Hi guys, looking for a bandsaw circle cutting jig. I’ve thought about making “diy Tyler”s version. Anyone have any other idea as, or is that one pretty standard? For those that don’t know, it’s got a runner for miter slot, then a sliding dovetail design with a tightening bolt to adjust the radius of the cuts.


----------



## Tony B (Jul 30, 2008)

I have no idea who Tyler is, but that circle jig has been a very popular jig for a very long time.
It makes the most sense for a simple easy way to cut a circle. I made that jig over 35 years ago not knowing if anyone else ever did it. It just made sense. I even did the same thing with my edge sander to finish off after the circle came from the bandsaw. Back then, round tables with cloth draped over them was popular with the decorators. I made a bunch of them from either plywood or particle board depending on what the decorators wanted.
I didnt bother with a sliding dovetail, just a runner in the miter slot with a pin sticking up. Of course I had to extend the table on the bandsaw. I used plywood and 2 x 2's for the legs and clamps to hold the table in place from the underside.

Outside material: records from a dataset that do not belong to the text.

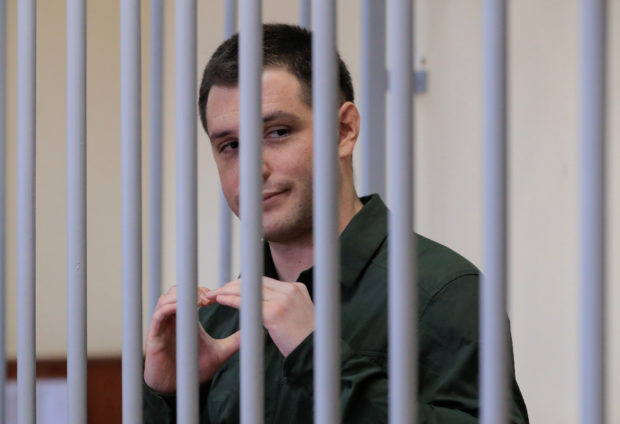 U.S. ex-Marine Trevor Reed, who was detained in 2019 and accused of assaulting police officers, gestures inside a defendants' cage during a court hearing in Moscow, Russia March 11, 2020. REUTERS/Tatyana Makeyeva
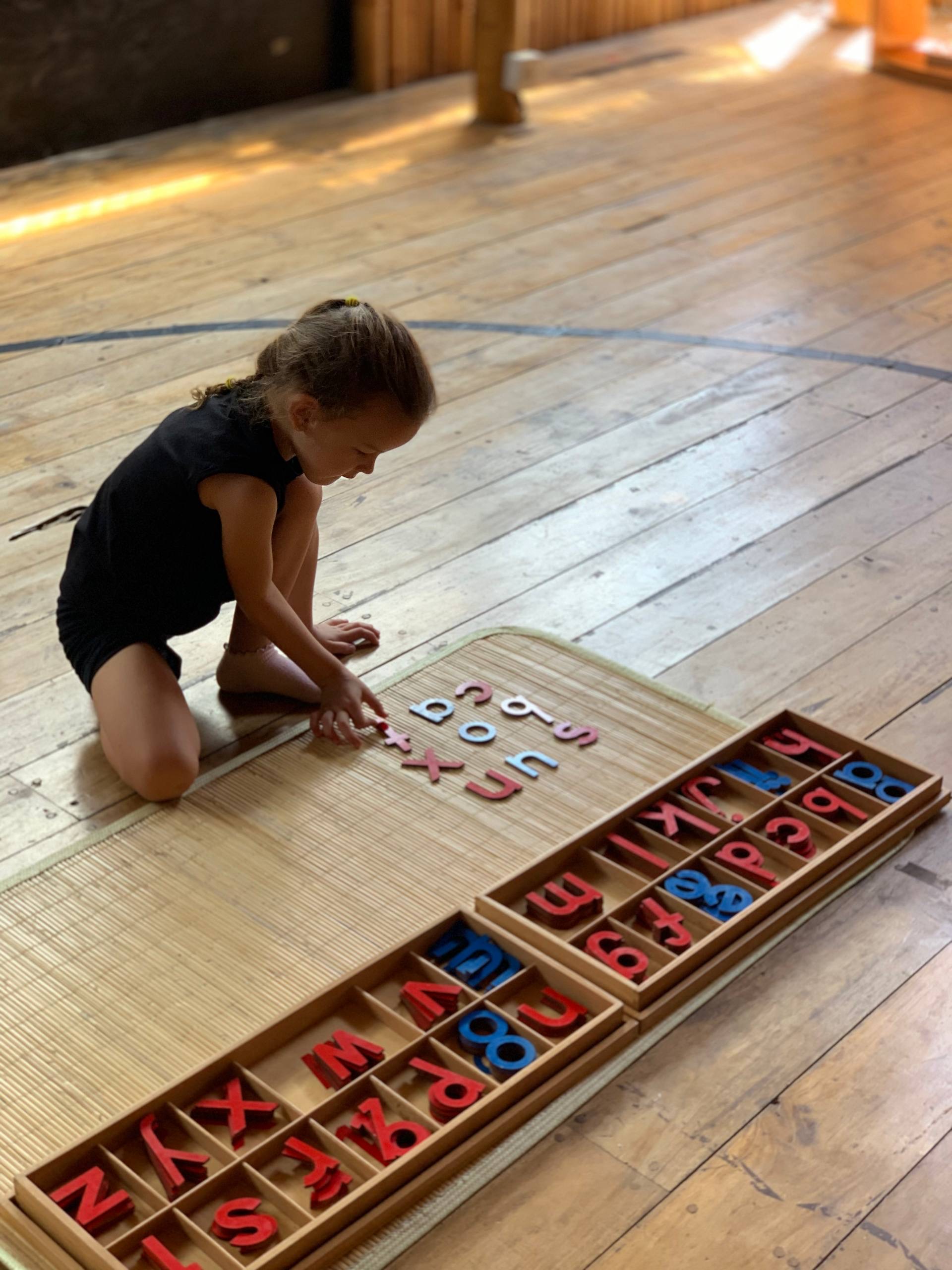 A child arranging the Montessori movable alphabet on the floor at Balu Kids
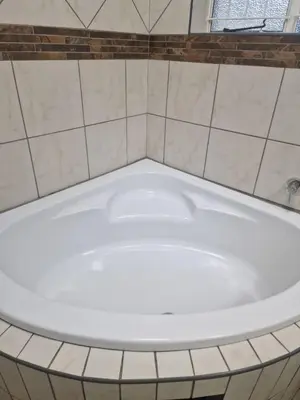 a white bath tub in a bathroom with tiles at Pinto City Motel in Kempton Park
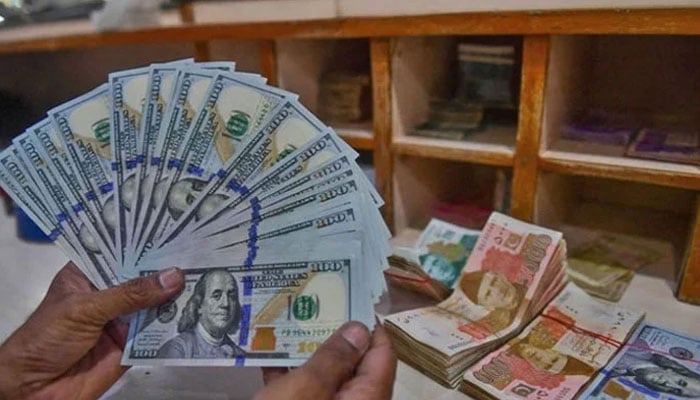 A foreign currency dealer counts US dollars at a shop in Karachi, Pakistan, on May 19, 2022. — AFP/File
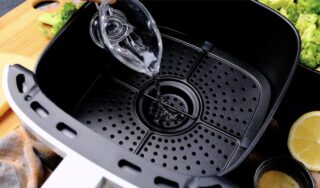 air fryer preparation with water on bottom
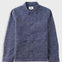 A textured blue and gray heathered wool-blend jacket with a pointed collar, brown buttons, and a chest pocket, shown flat on a light gray background.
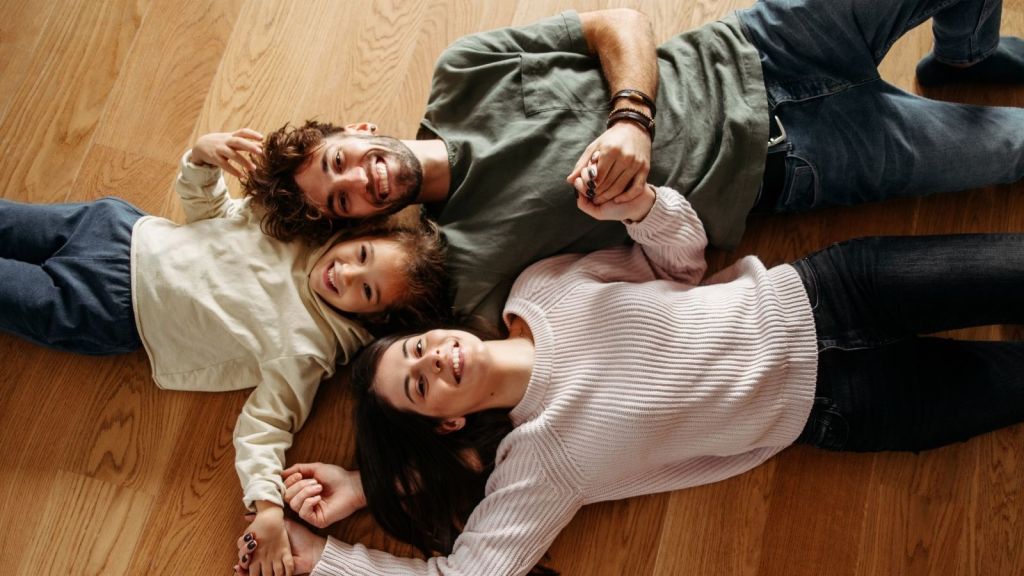 mom, dad and little girl lying on hardwood floors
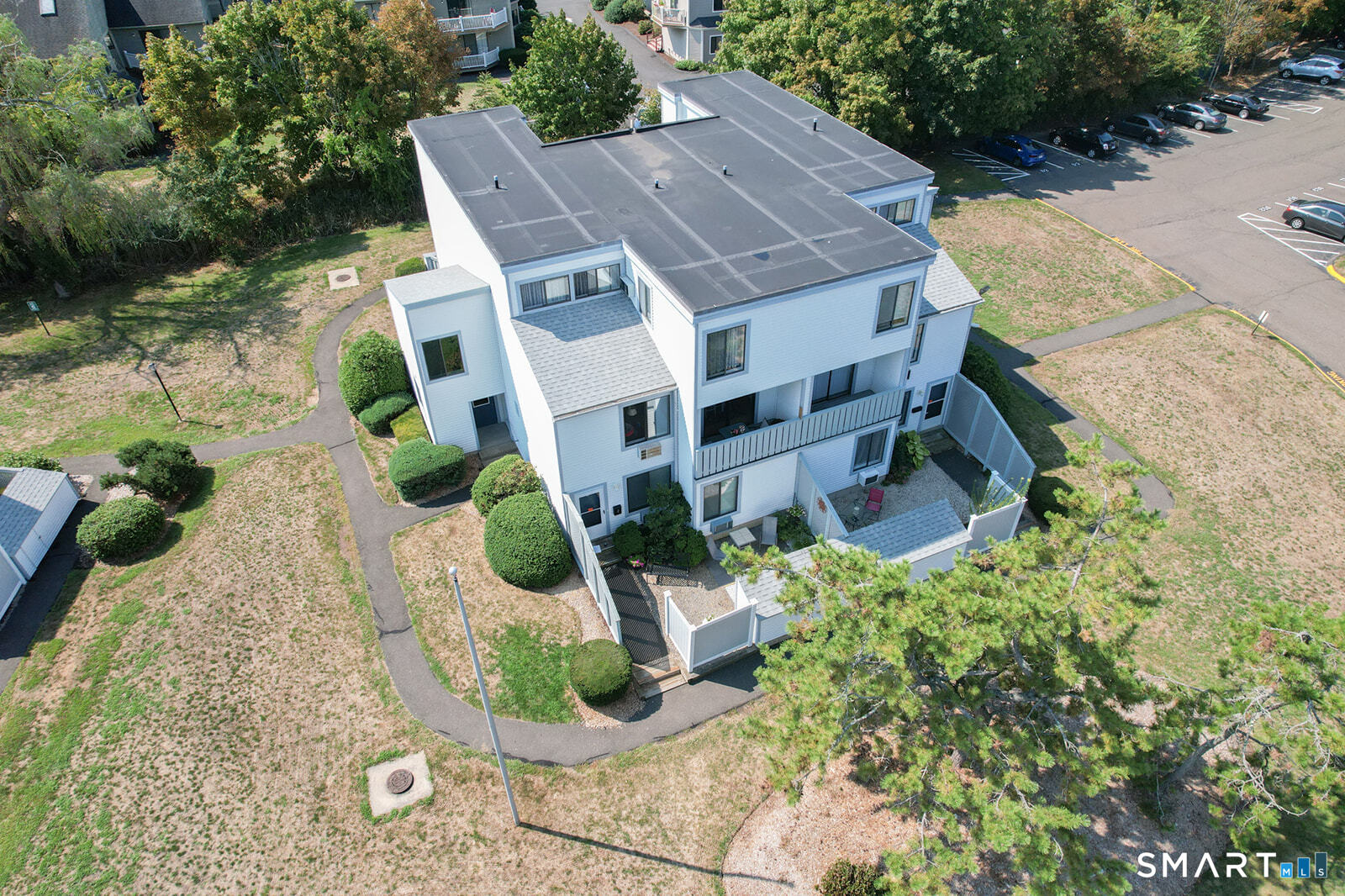 2 Hamre Lane, Unit D Branford, CT 06405 - Photo 4 of 18 an aerial view of a house with yard swimming pool and outdoor seating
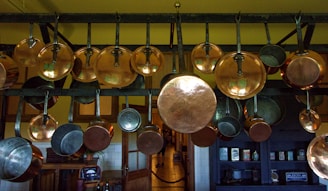 A collection of copper pots and pans hanging from a metal rack in a kitchen setting. The background includes wooden cabinets and a shelf with various kitchen items. The lighting creates a warm and rustic atmosphere.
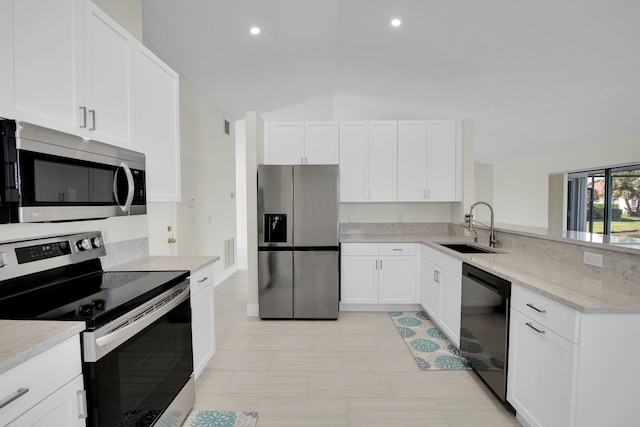 kitchen featuring sink, white cabinetry, stainless steel appliances, lofted ceiling, and light stone counters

Assuming you are starting out with a square, it is easier to get the cut started if the blade enters the wood/particle board from a side of the square that is cut perfectly tangent to the circle. That way, the blade doesn't have to wander to get the cut on course.


----------



## MaintenanceMan (Jun 25, 2010)

I made a nice one that has worked great. I don't remember where I saw this kind of jig first, but I copied the general idea from somewhere. It's the cats meow..


----------



## robbie7176 (Dec 11, 2019)

Here is the best one I have found. You don't need to have a hole in the finished circle:


----------



## Pirate (Jul 23, 2009)

I built a circle jig that is a sled that had a miter bar on the bottom, and a stop across the bottom. 
Must your wood on the pin. Slide sled into blade untill it stops, and start turning wood to cut circle.


----------



## Pirate (Jul 23, 2009)

Just watched the video above.
The jig I made is like the one the guy in the video uses to make the one he is working on.


----------